I am very pleased. My sister and her fiance are flying in tonight. My sister is one of my favorites and she is pregnant with twins. I found this very thoughtful of her since she knows I don't want children of my own but that I am enamored with the idea of being the uncle who teaches them how to get in and out of trouble and to give them books by Roald Dahl.

I can hardly wait.

Monday, February 20, 2006

I was going to write about the party my roommates and I had this weekend. Well, I guess I will write about it. Juxtaposition and all that. For this party, we created an ad hoc currency that could be exchanged for alcoholic drinks. A makeshift bar was set up in the kitchen and when guests arrived they would receive a slip of paper with a condition written on it. For instance, "Find someone who was born in another country," "Find someone who knows the difference between a meteorite and a meteoroid," or "Find someone who is wearing matching underwear." When they fulfilled the condition, they could bring the slip of paper to me and I would make them a drink and give them a new slip of paper. They had to provide proof to get their drink and they couldn't ask any of the roommates or people they came with.
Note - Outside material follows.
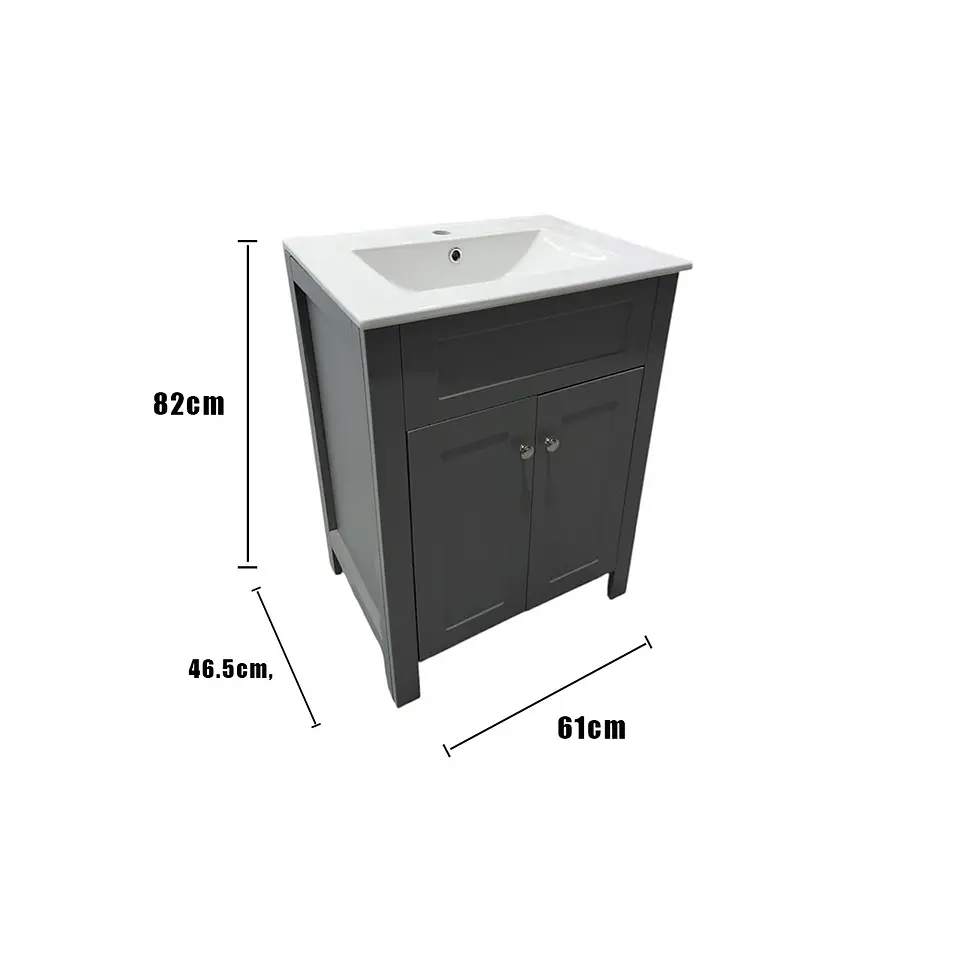 Vanitorio + Mueble Gris Sin Griferia 61x46.5x82cm K1057 4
It worked out pretty well. There were questions that appealed to everyone, from the science-minded ("Find someone who knows the second law of thermodynamics,") to the groping-minded ("Hug someone from behind that you don't know.")

So another weekend passed with partying into the wee hours of the morning, sleeping a few hours, and then getting up for work.

Meanwhile, in Port-au-Prince, Haiti, communities, local agencies, and international volunteers are striving to stop human rights violations and to help a country raise itself up by its non-existent bootstraps. I think I'm sounding pessimistic, but the challenge is monstrous.

And yet we have a force of nature at work there that goes by the name of Jarod Sibbitt that is working unflaggingly on the side of good.

Today I will pick up my paycheck from my part-time job at a pet store and use $20 of those dollars to help Jarod free someone who has been wrongfully imprisoned. I don't consider myself a contracted player for the side of good (probably more like a free agent) I believe that someday as I lay dying I will be glad that I helped someone get home to their mother. And I'll be glad that Jarod gave me that chance.

I know it's sort of a trickled-down theory of morality, but I'll take what I can get.